汉宝德,建筑师与士大夫
作者:贾冬婷汉宝德在欧洲(1998年)
士大夫的入世之心
在很多人的印象里,汉宝德先生总是一袭长衫示人,很特别,但很自然。“他就是现代建筑中的传统中国文人,士大夫。”台湾大学建筑与城乡研究所前所长夏铸九曾是汉宝德在东海大学建筑系任系主任期间最亲近的助教,他对本刊描述:“汉先生后来总是一件藏青色长衫,叼着烟斗,拄着拐杖。步履缓慢而从容,惯于低头沉思。他那种知识分子式的儒雅和严肃,带有一丝反思意味的清冷自嘲的说话方式,并不适合做官,所以一生着力于办教育和写文章。”龙应台得知汉宝德去世的消息时追忆:“很少人像汉先生这样的中西饱学之士,人如此温暖,思想如此清冷,感情丰沛却又理性晶透。”在她的观察里,“汉先生对文资与博物馆经营,永远是最后清明的声音”。

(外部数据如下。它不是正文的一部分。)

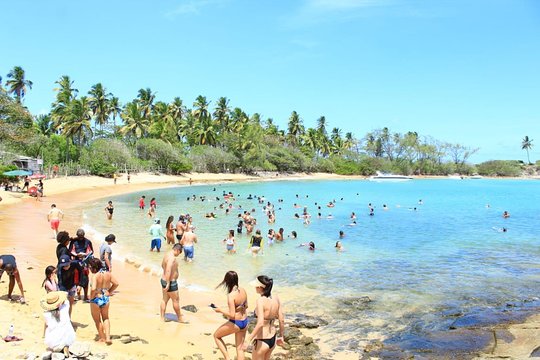 Santo Aleixo Island Tour from Maragogi by Top Tours  Private Tours and Travel Guide America Maceio CITY Maragogi Destination Tour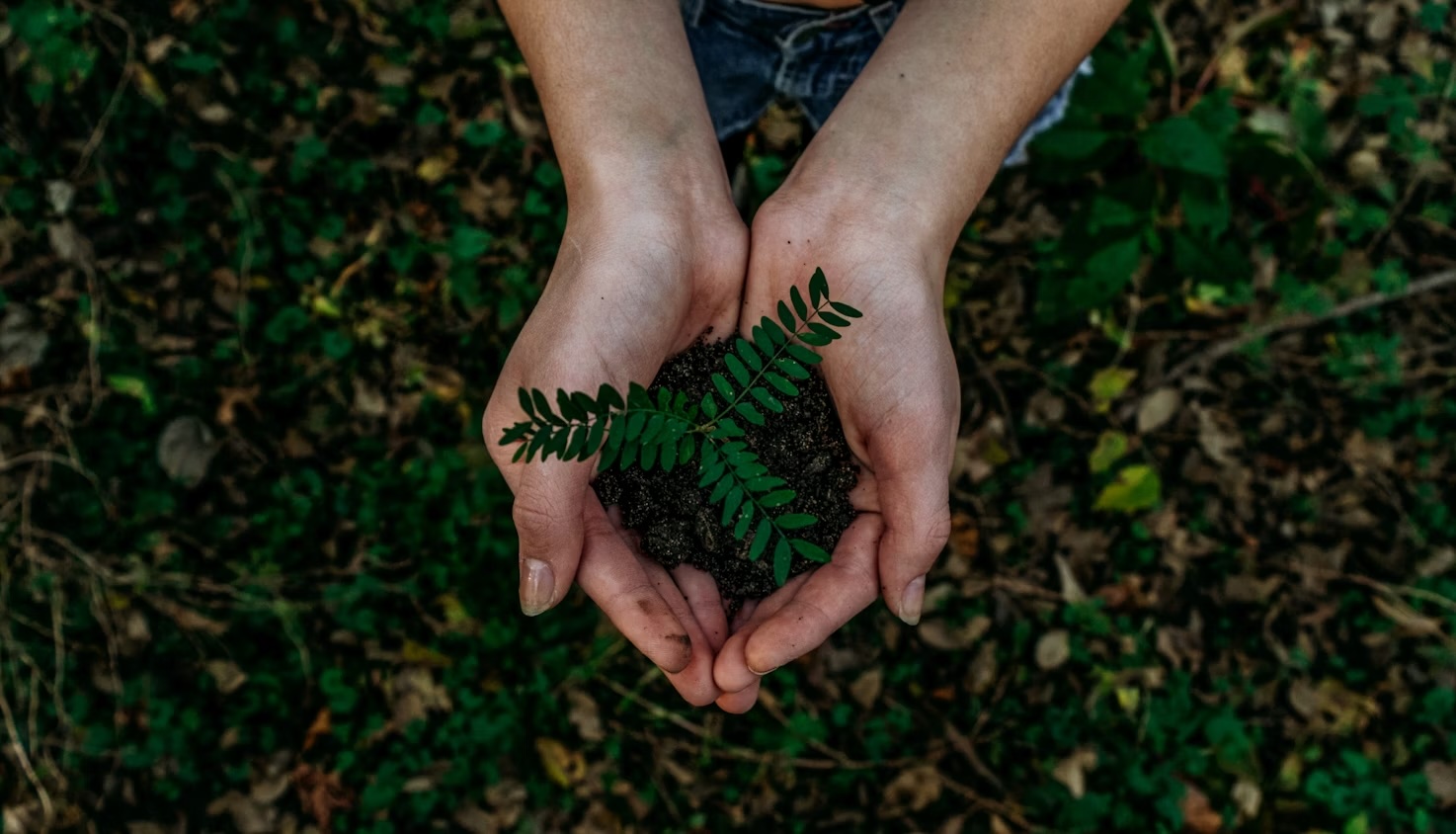 BIO100 zaļā enerģija un ilgtspējība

夏铸九最后一次见到汉宝德先生是在2014年的9月20日,那天是他的80岁生日。汉宝德的学生们聚在台北国宾饭店为他庆祝,夏铸九也专程从南京赶回台湾参加。“汉先生到场约一个钟头,那几乎是他最后一次公开露面。身体更见消瘦,比一年前瘦多了。”夏铸九对追随半生的老师的离开很难过,但并不太意外,因为汉宝德的“入室弟子”登琨艳早就对身边朋友有了预言,说汉先生身体早就不好了,会有变化。夏铸九说,登琨艳后来跟随南怀瑾学佛,在养生方面颇有些过人的能力。为此,他还专门去汉宝德家拜访,劝他打坐。但是汉家三代被肺病阴影困扰,汉宝德自青年时期就因肺病休学,到了老年肺纤维化严重,一打坐就咳嗽,没办法进行。
汉宝德被公认为一位把中国文人传统和西方文艺复兴思想融合,将建筑学、艺术学、文化学打通的学者。他自我调侃:“我做事的态度是很痴的。痴就是执著,长于自我反省。我并不是聪明人,遇事反应很慢。我的长处就是把事情做到底,不完成绝不罢休。”他将自己的一生总结为三个阶段:开始时是自学术研究中掌握建筑与文化的关系;第二步是希望打破建筑专业的象牙塔,使建筑家为大众服务;第三步是希望提高一般民众的审美素养,使建筑专业者的价值观与社会大众的文化品位相契合。
夏铸九认为,汉宝德在上世纪70年代末表面上离开建筑圈,去筹办自然科学博物馆、创办艺术大学,其实是台湾知识分子与中国士人“学而优则仕”的路径。他认为,汉宝德“大乘建筑观”的深处,是对断裂的反思,其实是宣示现代性的危机。只是,就一位建筑学者个体而言,汉宝德“只有‘入世’的看法,而没有‘入世’的精神”,而这种文化的悲观主义下的“游于艺”也是他的魅力所在。他贡献了对现代建筑从西方“草船借箭”的移植过程,以及对台湾乃至中国社会和文化的反思能力。这种移植与反思,是任何社会建构主体性都不可或缺的,这也是汉宝德最宝贵的精神遗产。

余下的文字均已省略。